Where Blair gives the game away is in his proposal that the state must take the lead in "Building AI-era infrastructure, including compute capacity and remodelling data, as a public asset with the creation of highly valuable, public-good data sets". Stripped of the turgid language, this sounds pretty much like a plan to harvest existing public datasets, such as the clinical information held by the NHS or the educational data built up since the introduction of the national curriculum. Insofar as the UK has a possible edge in the emerging market of AI regulation, it is in its ability to offer access to such rich and coherent datasets as a quid pro quo, something no equivalent regulatory entity could offer in the US. And if there is one thing that distingushes it from other European countries with equally rich public datasets it is the willingness to sacrifice the digital rights of its citizens in pursuit of public-private partnerships.
There has been plenty of pushback to both the apocalyptic hyperbole of the tech companies and the cynicism of politicians, but this has also been problematic because of the tendency to focus on horses that have long since bolted, such as the biases built into training data, or on the disruptive impact on jobs, which is going to happen come what may because it always does. To note the damage companies like Microsoft and Google have already done is all well and good, though this can easily slip into a more general techno-pessimism or simply fuel the existing campaign of media incumbents to denigrate social media and more democratic forms of critique, but the fact that these industry giants have been only minimally constrained over the last three decades (the EU's various competition and data protection rulings have never seriously dented share prices) does not suggest that states are about to get tougher with them. If anything, what is being proposed is closer cooperation.

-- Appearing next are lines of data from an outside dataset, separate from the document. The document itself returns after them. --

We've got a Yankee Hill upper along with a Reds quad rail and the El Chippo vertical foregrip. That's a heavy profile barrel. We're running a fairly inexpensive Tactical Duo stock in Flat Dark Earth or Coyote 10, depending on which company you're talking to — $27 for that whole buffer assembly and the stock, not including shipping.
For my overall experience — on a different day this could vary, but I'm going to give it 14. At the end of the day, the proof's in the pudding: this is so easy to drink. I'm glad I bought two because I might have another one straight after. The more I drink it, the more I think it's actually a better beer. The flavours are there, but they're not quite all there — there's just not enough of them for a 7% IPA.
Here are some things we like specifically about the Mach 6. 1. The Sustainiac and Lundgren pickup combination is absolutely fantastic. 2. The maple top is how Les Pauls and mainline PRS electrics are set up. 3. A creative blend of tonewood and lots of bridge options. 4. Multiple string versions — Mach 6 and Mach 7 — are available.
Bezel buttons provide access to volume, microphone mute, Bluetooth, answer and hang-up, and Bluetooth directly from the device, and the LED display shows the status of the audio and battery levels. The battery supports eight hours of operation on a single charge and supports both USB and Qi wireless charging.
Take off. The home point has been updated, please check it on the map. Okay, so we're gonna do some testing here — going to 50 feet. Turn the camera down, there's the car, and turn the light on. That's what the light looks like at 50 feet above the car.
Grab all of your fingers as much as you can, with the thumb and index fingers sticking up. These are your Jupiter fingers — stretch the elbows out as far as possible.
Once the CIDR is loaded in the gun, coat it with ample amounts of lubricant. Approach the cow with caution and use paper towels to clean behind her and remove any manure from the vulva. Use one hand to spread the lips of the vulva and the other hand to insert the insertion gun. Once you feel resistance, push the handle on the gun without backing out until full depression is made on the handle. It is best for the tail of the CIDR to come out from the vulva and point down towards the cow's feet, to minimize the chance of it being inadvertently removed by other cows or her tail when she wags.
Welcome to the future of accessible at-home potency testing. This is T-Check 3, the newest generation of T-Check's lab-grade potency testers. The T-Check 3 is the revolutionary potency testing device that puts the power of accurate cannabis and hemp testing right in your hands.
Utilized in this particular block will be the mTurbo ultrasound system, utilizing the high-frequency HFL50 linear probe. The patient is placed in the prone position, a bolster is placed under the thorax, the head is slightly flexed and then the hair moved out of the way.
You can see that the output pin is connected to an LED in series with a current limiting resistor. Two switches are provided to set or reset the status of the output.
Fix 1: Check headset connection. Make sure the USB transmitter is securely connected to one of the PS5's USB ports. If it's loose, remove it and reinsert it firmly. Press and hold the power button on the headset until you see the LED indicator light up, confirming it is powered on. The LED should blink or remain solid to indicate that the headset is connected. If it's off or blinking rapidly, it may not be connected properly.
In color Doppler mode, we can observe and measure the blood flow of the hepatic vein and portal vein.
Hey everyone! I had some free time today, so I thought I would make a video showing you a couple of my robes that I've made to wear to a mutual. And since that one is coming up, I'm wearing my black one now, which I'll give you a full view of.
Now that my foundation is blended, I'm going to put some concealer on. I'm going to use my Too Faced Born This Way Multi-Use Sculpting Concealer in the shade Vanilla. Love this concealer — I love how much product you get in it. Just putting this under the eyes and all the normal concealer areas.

In this respect there is obviously a shared interest in hyping both the potential and therefore the risks of AI. For politicians, it offers a Get Out of Jail Free card, whether real or imagined, like North Sea oil or the sunny uplands of Brexit, while for the tech companies it bolsters their claims to be at the forefront of world history at a time when their profits are softening and market valuations depend on assuring investors they have a de facto monopoly on the next big thing. As Corey Doctorow put it, "For those sky-high valuations to remain intact until the investors can cash out, we need to think about AI as a powerful, transformative technology, not as a better autocomplete." What we certainly don't need is to look behind the curtain, hence the lesser media attention paid to the armies of low-paid workers who toil away in the AI data-mines trying to label the training data to improve the quality of answers, or at those unwitting Internet users whose "free labour" choices augment that data. We haven't moved that far on from the ten-hour working day.